Zoals in het voorafgaande op verschillende plaatsen ter sprake is gekomen vormt een mens zijn gedachten en neemt hij zijn beslissingen niet alleen op rationele gronden, maar wordt hij daarbij voortdurend “van buiten af” beïnvloed door sym- en antipathieën en door factoren als groepsdruk. Vooral polarisatie en clustervorming zijn daarbij belangrijke factoren. Zo kan iemand tegen kernenergie zijn omdat zijn partij dat is, maar hij kan ook tegen kernenergie zijn omdat hij een hekel heeft aan een partij die daar vóór is. Hij kan ook geheel vanuit zijn eigen denken, uit vrije keus, tot dat standpunt komen, maar dan moet hij wel verstand van zaken hebben.

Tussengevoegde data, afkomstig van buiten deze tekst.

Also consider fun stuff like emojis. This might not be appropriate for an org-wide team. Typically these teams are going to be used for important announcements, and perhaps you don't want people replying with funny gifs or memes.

Dit leidt tot de vraag of een mens eigenlijk wel geheel “vrij” kan denken. Het ziet er naar uit dat dit een theoretische fictie is, want een mens ondergaat in zijn jeugd een leerproces waarbij hij gedachten, sympathieën, groepsverbondenheid, enzovoort overneemt van anderen. Het idee dat hij op een bepaald moment geheel zelfstandig zou gaan denken en oordelen is niet realistisch. Wij kunnen hier geen scherpe definities geven, maar wel kunnen we kijken naar vormen van denken en gedrag die zó ver van “vrij” denken af liggen dat men ze “dwangmatig” kan noemen.
De duidelijkste voorbeelden hiervan zijn te vinden in de psychoanalyse. Freud introduceerde het begrip “negatieve vaderbinding”. Zijn psychoanalyse was gebaseerd op de theorie dat iemand zozeer gehinderd kan worden door onbewuste trauma’s uit het verleden dat hij niet meer normaal kan functioneren. En doel van de therapie was eigenlijk heel bescheiden: proberen het denken en het gedrag van iemand op dit éne punt “vrij” te maken.

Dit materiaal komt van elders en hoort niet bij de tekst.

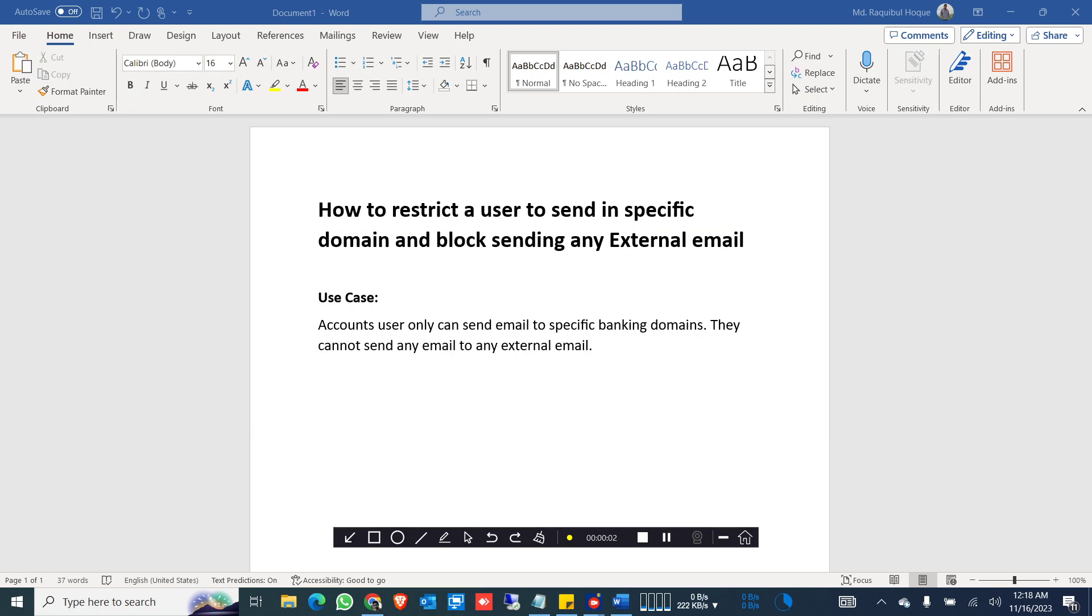Hello everyone, today I'm going to show how to restrict a user to send to only specific domains and block sending any external email. The use case is, let's say in your organization you want your accounts user only to send email to specific banking domains and they cannot send any other external email to any external addresses.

Deze gedachtegang is ook toepasbaar op het verschijnsel polarisatie. Hierdoor worden mensen zozeer beknot in hun vrijheid van denken en beslissen dat men gerust mag zeggen dat ze zich “dwangmatig” gedragen. Dit leidt voortdurend tot slechte politieke beslissingen. Maar dat valt niet op doordat de wereld er aan gewend is geraakt.
Het meest dramatisch voorbeeld hiervan is waarschijnlijk wel het ontstaan van oorlogen. Zolang er nog vrede is en men nog kan onderhandelen is het denken nog min of meer vrij. Maar zodra de oorlog eenmaal is uitgebroken bestaat er geen vrijheid van denken meer. Het oorlogsmechanisme gaat onafwendbaar zijn eigen gang. De politici denken heldhaftige en wereldhistorische beslissingen te nemen, maar in werkelijkheid voeren ze dwangmatig uit wat eeuwenoude psychologische patronen hun voorschrijft.